= Axis of evil =

American term for "sponsors of terrorism"

The phrase "axis of evil" was first used by U.S. president George W. Bush and originally referred to Iran, Ba'athist Iraq, and North Korea. It was used in Bush's State of the Union address on January 29, 2002, four months after the September 11 attacks and more than a year before the 2003 invasion of Iraq, and often repeated throughout his presidency. He used it to describe foreign governments that, during his administration, allegedly sponsored terrorism and sought weapons of mass destruction.

The countries originally covered by the term were Iran, Ba'athist Iraq, and North Korea. In response, Iran formed a political alliance that it called the "Axis of Resistance" comprising Iran, Ba'athist Syria, Hezbollah and the Gaza Strip under Hamas.

Lately, an updated grouping consisting of China, Russia, Iran and North Korea, also known as CRINK, has been referred to as the "new axis of evil" by U.S. politicians and commentators. The term "axis of evil" is a reference to the Axis powers of World War II (Nazi Germany, Fascist Italy, and the Empire of Japan).

==Origins==

===David Frum===
The phrase was attributed to former Bush pro-Israel White House speechwriter David Frum, originally as the axis of hatred and then evil. Information about his authorship first came out when emails of Frum's wife to friends were picked up by the media. Frum explained his rationale for creating the phrase axis of evil in his 2003 book The Right Man: The Surprise Presidency of George W. Bush. According to Frum, in late December 2001 head speechwriter Michael Gerson gave him the assignment of articulating the case for dislodging the regime of Saddam Hussein in Iraq in only a few sentences for the upcoming State of the Union address. Frum says he began by rereading US President Franklin D. Roosevelt's "date which will live in infamy" speech given on December 8, 1941, after the Japanese surprise attack on Pearl Harbor. While Americans needed no convincing about going to war with Japan, Roosevelt saw the greater threat to the United States coming from Nazi Germany, and he had to make the case for fighting a two-ocean war.

In his book, Frum points to an often-overlooked sentence in Roosevelt's speech which partially reads, "...we will not only defend ourselves to the uttermost but we will make very certain that this form of treachery shall never endanger us again." Frum interprets Roosevelt's oratory like this: "For FDR, Pearl Harbor was not only an attack—it was a warning of future and worse attacks from another, even more dangerous enemy." Japan, a country with one-tenth of America's industrial capacity, a dependence on imports for its food, and already engaged in a war with China, was extremely reckless to attack the United States, a recklessness "that made the Axis such a menace to world peace", Frum says. Saddam Hussein's two wars, against Iran and Kuwait, were just as reckless, Frum decided, and therefore, they posed the same threat to world peace.

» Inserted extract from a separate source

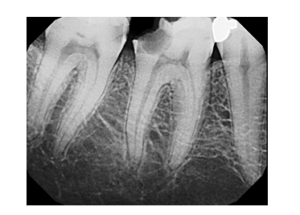 tooth pain and patient fear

In his book, Frum wrote that the more he compared the Axis powers of World War II to modern "terror states", the more similarities he saw between them. "The Axis powers disliked and distrusted one another", Frum writes. "Had the Axis somehow won the war, its members would quickly have turned on one another." Iran, Iraq, al-Qaeda, and Hezbollah, despite quarreling among themselves, "all resented the power of the West and Israel, and all of them despised the humane values of democracy." There, Frum saw the connection: "Together, the terror states and the terror organizations formed an axis of hatred against the United States."

Frum wrote that he then sent off a memo with the above arguments and he also cited some of the atrocities perpetrated by the Iraqi government. He expected his words to be chopped apart and altered beyond recognition, as is the fate of much presidential speechwriting, but his words were ultimately read by Bush nearly verbatim, though Bush changed the term axis of hatred to axis of evil. North Korea was added to the list, he says, because it was attempting to develop nuclear weapons, had a history of reckless aggression, and "needed to feel a stronger hand".

===Yossef Bodansky===
A decade before the 2002 State of the Union address, in August 1992, the Israeli-American political scientist Yossef Bodansky wrote a paper entitled "Tehran, Baghdad & Damascus: The New Axis Pact" while serving as the Director of the Congressional Task Force on Terrorism and Unconventional Warfare of the US House of Representatives. Although he did not explicitly apply the epithet evil to his New Axis, Bodansky's axis was otherwise very reminiscent of Frum's axis. Bodansky felt that this new Axis was a very dangerous development. The gist of Bodansky's argument was that Iran, Iraq and Syria had formed a "tripartite alliance" in the wake of the First Gulf War, and that this alliance posed an imminent threat that could only be dealt with by invading Iraq a second time and overthrowing Saddam Hussein.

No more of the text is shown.